Un hombre anciano salió de la ranchera. Era negro, con el pelo plateado y amplios hombros. Cojeaba y llevaba unas gafas con montura metálica. Recuerdo que me tranquilizó mucho la preocupación que vi en sus ojos.

—¡Hijo de puta! —gritó la mujercita menuda, color de cascara de nuez—. ¿Qué mierda te pasa? ¿Es que no ves que llevo niños?

El anciano, que al principio venía hacia mí, se desvió hacia la mujer. Apoyó una rodilla en el suelo, aunque le resultaba difícil por su pierna coja.

—Están bien, cariño —dijo—. Tus niños están bien. Pero vamos a apartarnos de la calle. Salgamos de la calzada, antes de que venga otro coche y los atropelle.

El hombre dirigió a los niños y a su madre a la acera, entre Florence y San Pedro. Yo me quedé allí de pie mirándoles, incapaz de moverme. Había coches parados en todos lados. Algunas personas estaban saliendo para ver lo que había ocurrido. Nadie tocaba el claxon aún porque pensaban que quizás hubiese muerto alguien.

El hombre del pelo plateado se volvió hacia mí con los ojos muy serios. Yo esperaba que me regañase por mi conducta descuidada. Estaba seguro de haber visto la reprimenda en sus ojos. Pero cuando se acercó, vio algo en mí.

—¿Está bien, señor? —me preguntó.

Yo abrí la boca para responder, pero las palabras no me salían. Miré a la madre, que estaba besando entonces a la niña.

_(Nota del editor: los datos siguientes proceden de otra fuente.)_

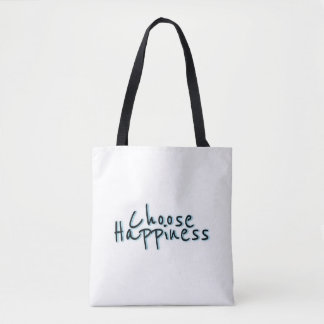 Bolso De Tela Elegir la felicidad #3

Vi que todos ellos (la madre, el bebé, el niño y la niñita de unos seis o siete años) llevaban los mismos pantalones color marrón.

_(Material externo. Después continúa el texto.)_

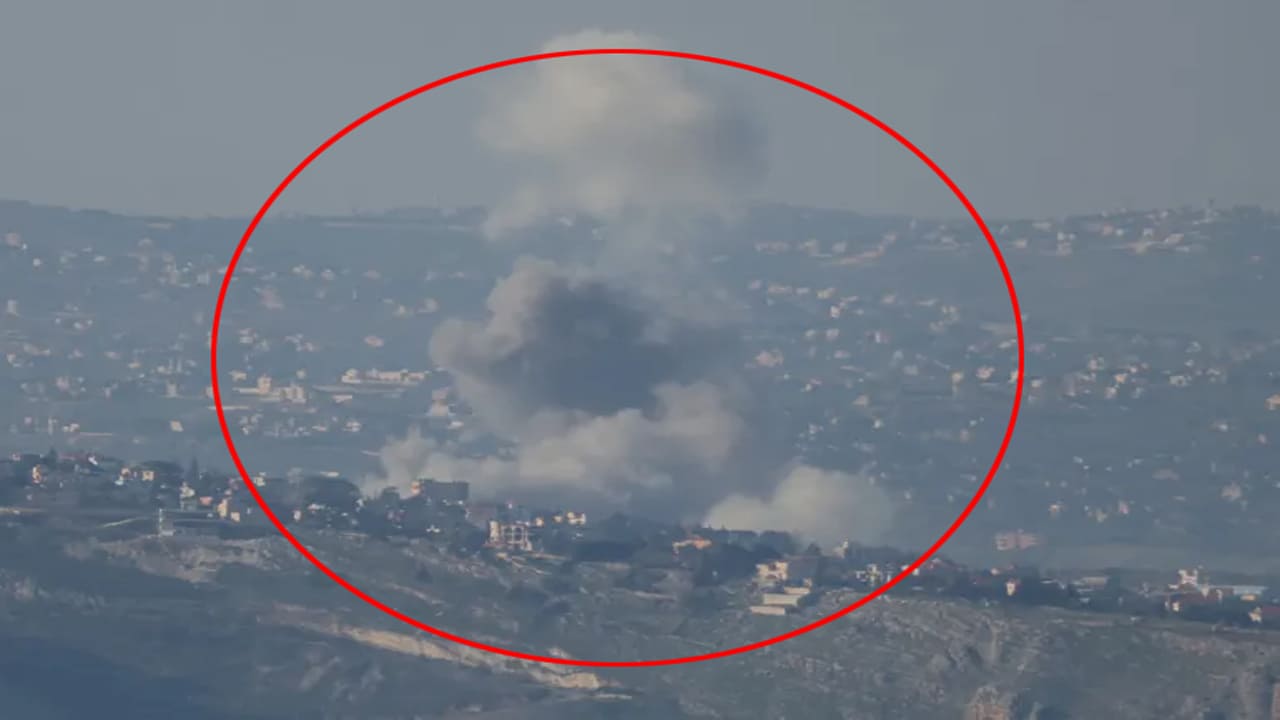 israel warns people to evacuate beirut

—Será mejor que tenga cuidado, señor —dijo el viejo—. A todos nos puede pasar a veces, pero no hay que dejar que pase.

Yo asentí e incluso puede que murmurase algo. Luego volví a mi coche a trompicones.

El motor todavía estaba en marcha. Estaba en punto muerto, pero yo no había accionado el freno de mano.

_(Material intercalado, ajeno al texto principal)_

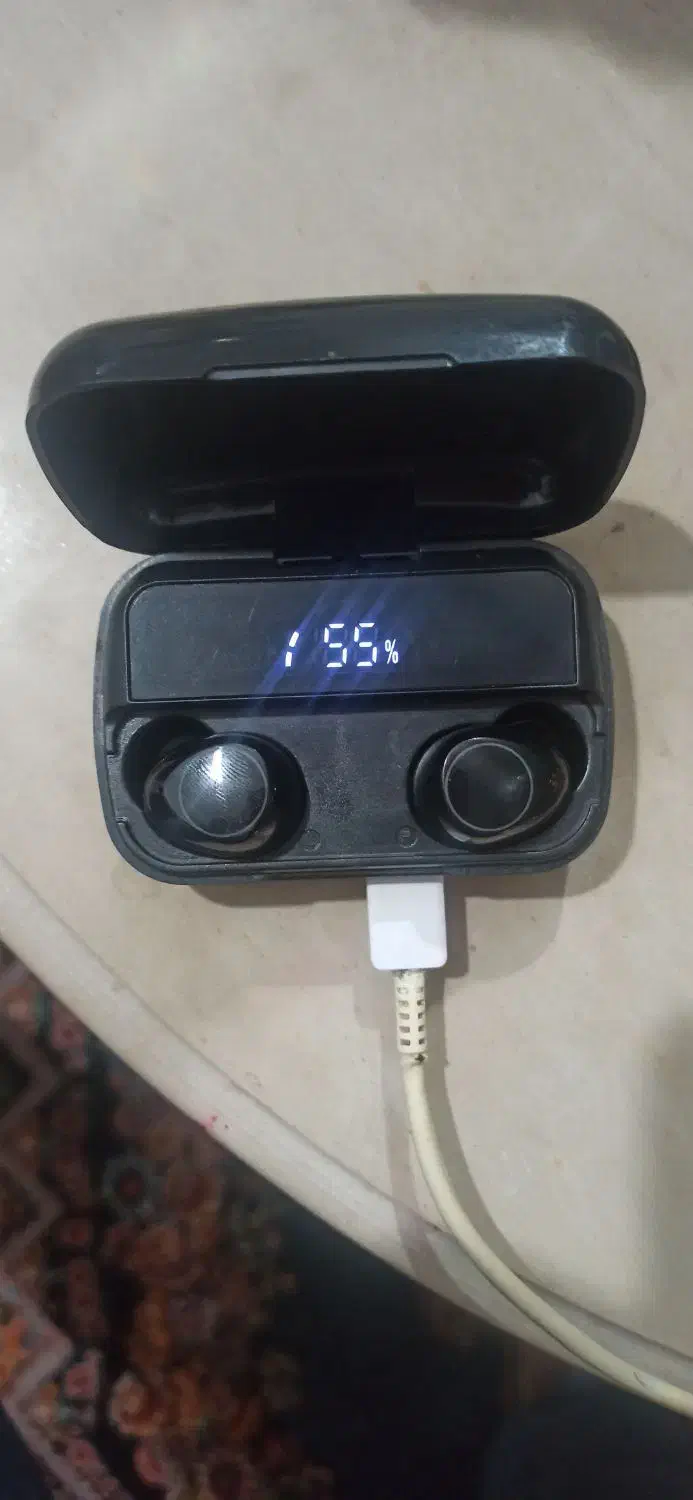 هدفون بلوتوثی سالم|لوازم جانبی موبایل و تبلت|اردبیل, |دیوار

Yo era un accidente a punto de ocurrir.

Durante el resto del camino a casa, me quedé preocupado por la imagen de la mujer que abrazaba a aquella niñita. Cuando Feather tenía cinco años y estábamos en la playa cerca de Redondo, se cayó por una colina llena de arbustos espinosos. Chillaba mientras Jesús la cogía, besándole la frente. Cuando llegué yo y la cogí entre mis brazos, dijo:

—No te enfades con Jesús, papá. No ha sido él quien me ha hecho caer.

Aparqué junto al bordillo para no tener otro accidente. Me quedé allí sentado, con la frase admonitoria resonando en mis oídos: «A todos nos puede pasar a veces, pero no hay que dejar que pase».